> What to produce
From the first line to the last, copy the data exactly and drop the pictures.

> Data extract
#####

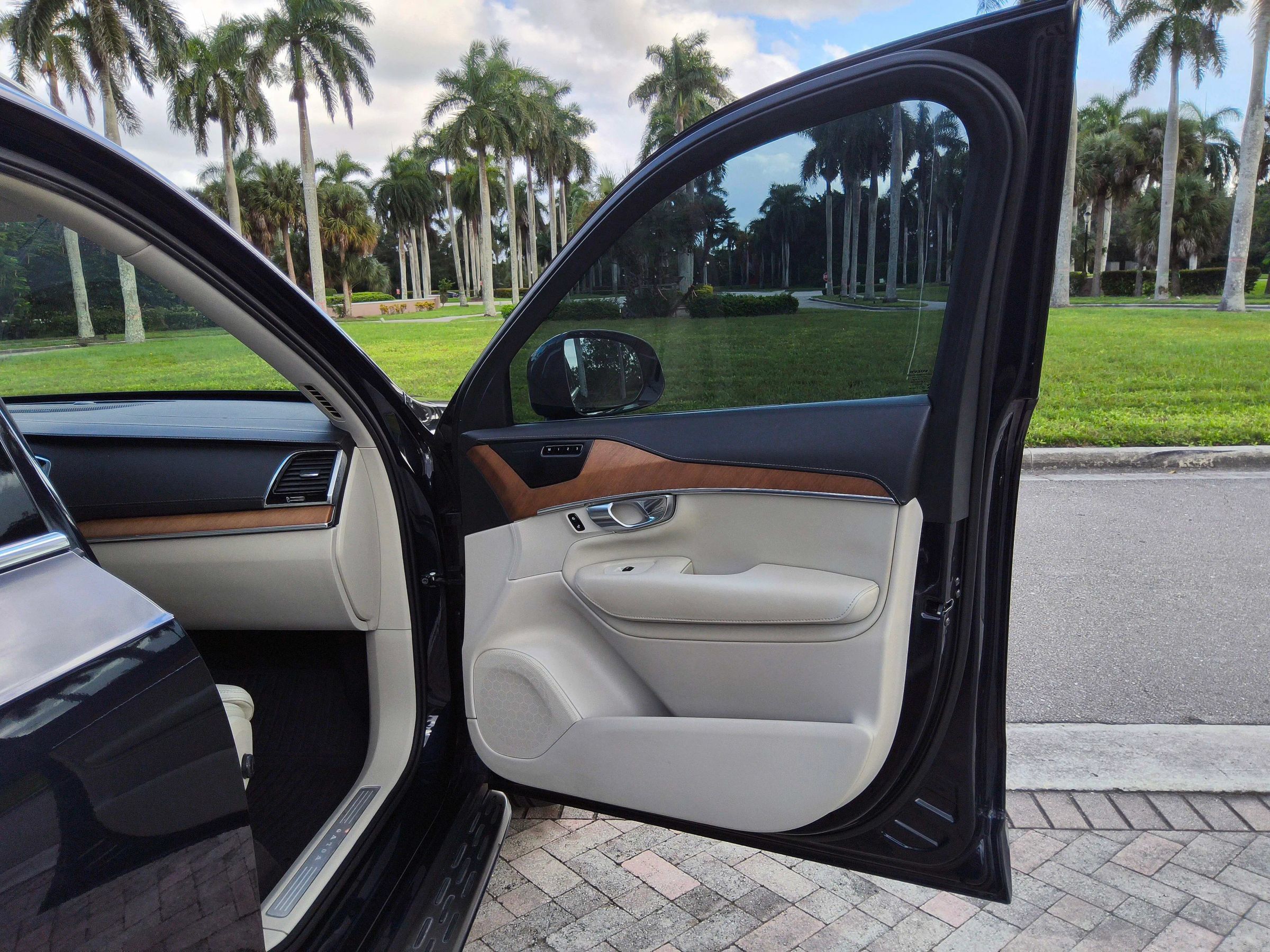 Used 2019 Volvo XC90 T6 Inscription w/ Advanced Package AWD/4WD image 46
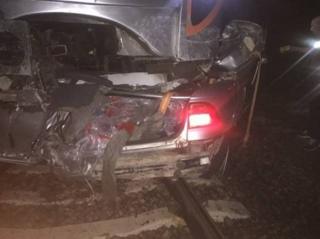 Автомобіль був залишений на коліях неподалік колишнього залізничного переїзду, який не використовувався багато років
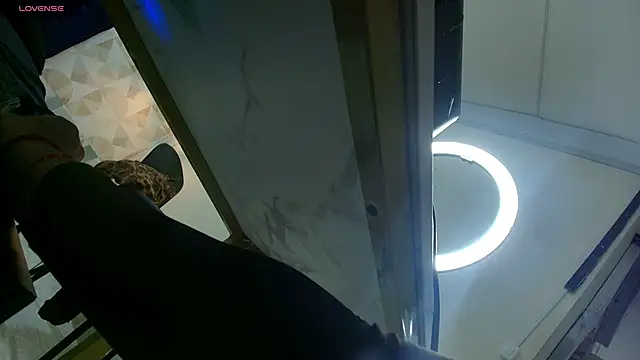 CLEO_ROSS live sex cam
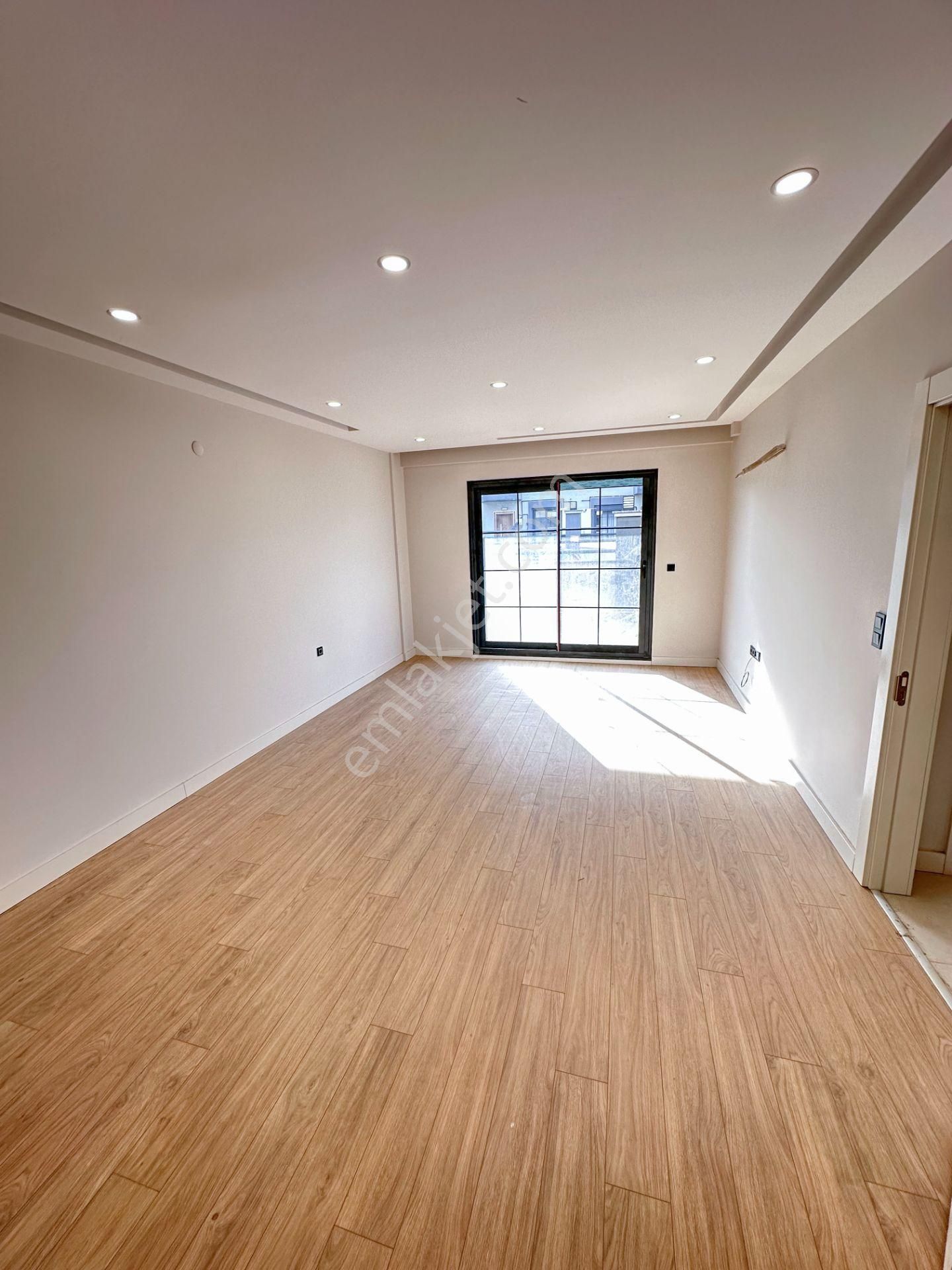 Mert Uçar'dan Satılık Menderes'te Sıfır 4+1 Köşe Konumlu Villa - Görsel 7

#####

> Written solution
 Used 2019 Volvo XC90 T6 Inscription w/ Advanced Package AWD/4WD image 46
 Автомобіль був залишений на коліях неподалік колишнього залізничного переїзду, який не використовувався багато років
 CLEO_ROSS live sex cam
 Mert Uçar'dan Satılık Menderes'te Sıfır 4+1 Köşe Konumlu Villa - Görsel 7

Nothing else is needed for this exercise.